Can we change interface IP on eHealth side? or this is the only way it will work?

Regards

Ajit C

Also i tried changing the IP address on interface element in the eHealht and then again regenerated the alert, now this time in the trap its showing the updated IP address but again alert got inserted on device model instead of interface..

It seems eHealth always send device IP address in the Live trap.

Hi Ajit,

The issue here is that the eHealth Live Exceptions profile will have a rule configured to send the trap. This rule will be set for Element Type = Device. And so it will send the IP address of the device in the trap.
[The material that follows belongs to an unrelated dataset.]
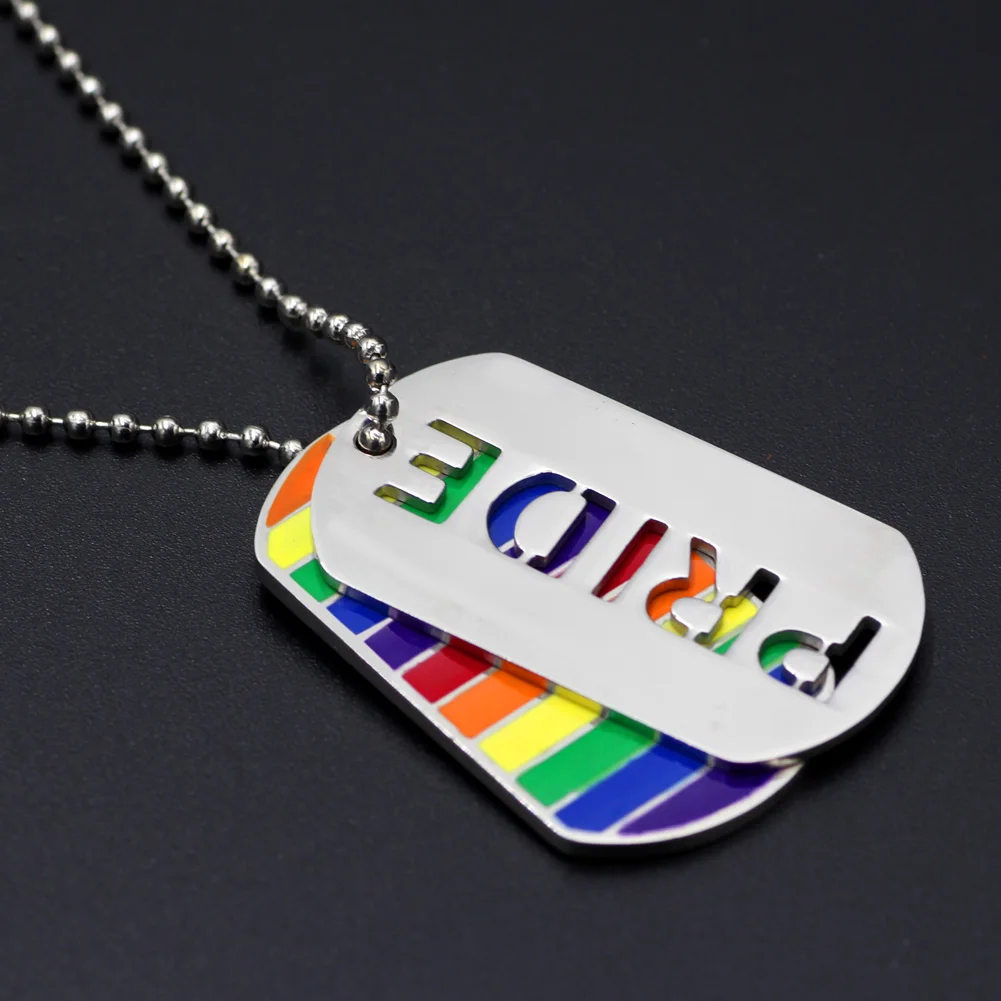 youe shone Stainless Steel 2pc Pride Rainbow Dog Tag LGBT Jewelry Gay and Lesbian Pride Necklace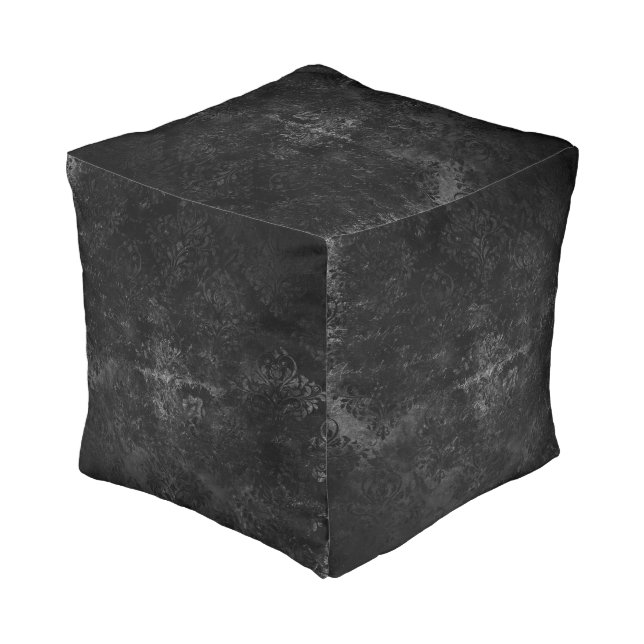 Velvety Onyx Damask | Black Vampy Grunge Baroque Pouf (Angled Back)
You would need to create a new rule for the particular profile you use in Live Exceptions under;

Live Exceptions -> Setup menu -> Profiles

Then select the relevant Profile and it will list all its applicable rules. Create a new one with the same parameters but with Element Type = LAN/WAN. You can further refine the Element Type to be a specific type of interface (such as Ethernet, Generic LAN interface, Fibre Channel etc.). Just be sure to select the one that matches the eHealth Element that you're building the profile for.

Thanks Mohammed, but we have Element Type = LAN/WAN in the rule.